Louth were on the cusp of history when a last minute goal loosened their grip of a Leinster title and condemned them to the wilderness for a little longer.

A looping ball into the Davin Stand goalmouth resulted in the Louth net being disturbed and from there the anarchy unfolded.

Joe Sheridan bundled the ball into the net but the foul was clear. And yet referee Martin Sludden jogged in to give the nod to his umpire and award the goal. Louth hearts were broken and left disillusioned as midfielder Brian White can still recall. He told the Sunday Independent:

"It was just pure madness. Some of us sat on the pitch for a while, we were just numb, we didn't know what to do. When we got into the dressing room, no one could really speak to each other. And now everywhere I go and every team I train with, once they hear I'm from Louth they'll always go, 'Were you involved? You must've been sick that day'. The first thing they always mention is 2010."

The Louth faithful stormed the pitch. Some of the enraged fans got close enough to Sludden to remonstrate and communicate their fury to him and the head official was guided away from the scene via Garda escort.

In the days that followed, 'disgrace,' 'farce' and 'replay' were the words most commonly voiced by those in the GAA community who demanded justice for the aggrieved Louth side.
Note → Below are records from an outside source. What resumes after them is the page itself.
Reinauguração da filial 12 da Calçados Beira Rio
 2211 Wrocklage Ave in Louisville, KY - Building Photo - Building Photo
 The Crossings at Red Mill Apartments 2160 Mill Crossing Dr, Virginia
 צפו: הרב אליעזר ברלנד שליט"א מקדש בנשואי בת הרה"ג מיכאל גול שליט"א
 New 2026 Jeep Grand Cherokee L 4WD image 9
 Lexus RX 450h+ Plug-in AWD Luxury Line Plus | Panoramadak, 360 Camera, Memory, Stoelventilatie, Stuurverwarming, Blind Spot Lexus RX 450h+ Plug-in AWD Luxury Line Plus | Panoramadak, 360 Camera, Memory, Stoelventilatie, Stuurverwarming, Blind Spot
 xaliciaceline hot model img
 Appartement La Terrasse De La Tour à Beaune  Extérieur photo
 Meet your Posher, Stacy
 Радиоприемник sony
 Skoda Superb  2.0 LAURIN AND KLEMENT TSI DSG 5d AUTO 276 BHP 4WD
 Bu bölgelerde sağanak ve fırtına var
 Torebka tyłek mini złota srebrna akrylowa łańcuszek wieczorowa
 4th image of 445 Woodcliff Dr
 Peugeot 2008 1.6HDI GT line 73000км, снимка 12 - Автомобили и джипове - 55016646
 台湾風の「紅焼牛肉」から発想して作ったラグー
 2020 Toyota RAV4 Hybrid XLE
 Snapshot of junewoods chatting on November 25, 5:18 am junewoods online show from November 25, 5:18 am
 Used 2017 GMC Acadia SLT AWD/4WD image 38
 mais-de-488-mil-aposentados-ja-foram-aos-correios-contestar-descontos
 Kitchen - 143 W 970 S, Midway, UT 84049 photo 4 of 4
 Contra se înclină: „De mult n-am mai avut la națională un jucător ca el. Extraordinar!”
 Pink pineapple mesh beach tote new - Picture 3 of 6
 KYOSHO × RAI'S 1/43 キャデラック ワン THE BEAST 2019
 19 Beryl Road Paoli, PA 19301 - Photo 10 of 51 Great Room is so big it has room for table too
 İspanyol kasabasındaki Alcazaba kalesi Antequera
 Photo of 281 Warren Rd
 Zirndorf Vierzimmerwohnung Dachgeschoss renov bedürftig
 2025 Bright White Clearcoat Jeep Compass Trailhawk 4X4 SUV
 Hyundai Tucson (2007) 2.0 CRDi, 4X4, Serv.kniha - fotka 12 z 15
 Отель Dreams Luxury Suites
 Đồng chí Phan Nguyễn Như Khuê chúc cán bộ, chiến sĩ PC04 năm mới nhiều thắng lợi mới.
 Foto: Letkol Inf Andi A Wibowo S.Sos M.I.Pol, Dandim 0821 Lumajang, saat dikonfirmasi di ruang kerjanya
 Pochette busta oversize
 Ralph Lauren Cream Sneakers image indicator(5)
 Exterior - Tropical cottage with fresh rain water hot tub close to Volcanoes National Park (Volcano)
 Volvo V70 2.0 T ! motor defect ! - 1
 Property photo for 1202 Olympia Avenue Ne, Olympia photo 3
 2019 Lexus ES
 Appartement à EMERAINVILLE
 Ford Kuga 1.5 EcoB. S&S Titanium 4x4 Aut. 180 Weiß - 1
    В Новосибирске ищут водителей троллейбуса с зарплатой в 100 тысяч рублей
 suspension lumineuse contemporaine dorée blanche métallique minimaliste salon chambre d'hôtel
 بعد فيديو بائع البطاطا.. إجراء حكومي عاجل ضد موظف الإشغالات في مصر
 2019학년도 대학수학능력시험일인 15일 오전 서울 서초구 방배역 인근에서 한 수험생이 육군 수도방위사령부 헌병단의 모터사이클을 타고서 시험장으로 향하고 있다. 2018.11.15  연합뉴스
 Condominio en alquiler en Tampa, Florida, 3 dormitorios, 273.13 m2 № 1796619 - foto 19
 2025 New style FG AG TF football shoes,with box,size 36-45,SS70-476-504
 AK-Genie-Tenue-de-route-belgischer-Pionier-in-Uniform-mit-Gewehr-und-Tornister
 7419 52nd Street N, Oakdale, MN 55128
Officials in the association however, maintained their silence.

And without their intervention, the Meath players suffered the cruel words of others. As the situation continued to fester, it became apparent that people wanted Meath to offer a replay. Nigel Crawford, who captained the Royals that day, says that that decision should never have been entrusted to the players. And he argues that had a replay been announced by the GAA, they would have complied with the directive.

"If the GAA had said, 'No, you're not playing the All-Ireland quarter-final, you have to play a replay'. Of course we would have played it. It's an absolute nonsense in an organisation as big and as professional as the GAA that because of one game and moral pressure, the players could dictate that there would be a replay."

"If the GAA came out that Sunday night and just released a statement drawing a line in the sand saying that's what it is then everyone would've just moved on and that would've been it, but instead they let it lie there. The Meath players got a lot of abuse over not offering the replay and we were being told that we weren't sporting."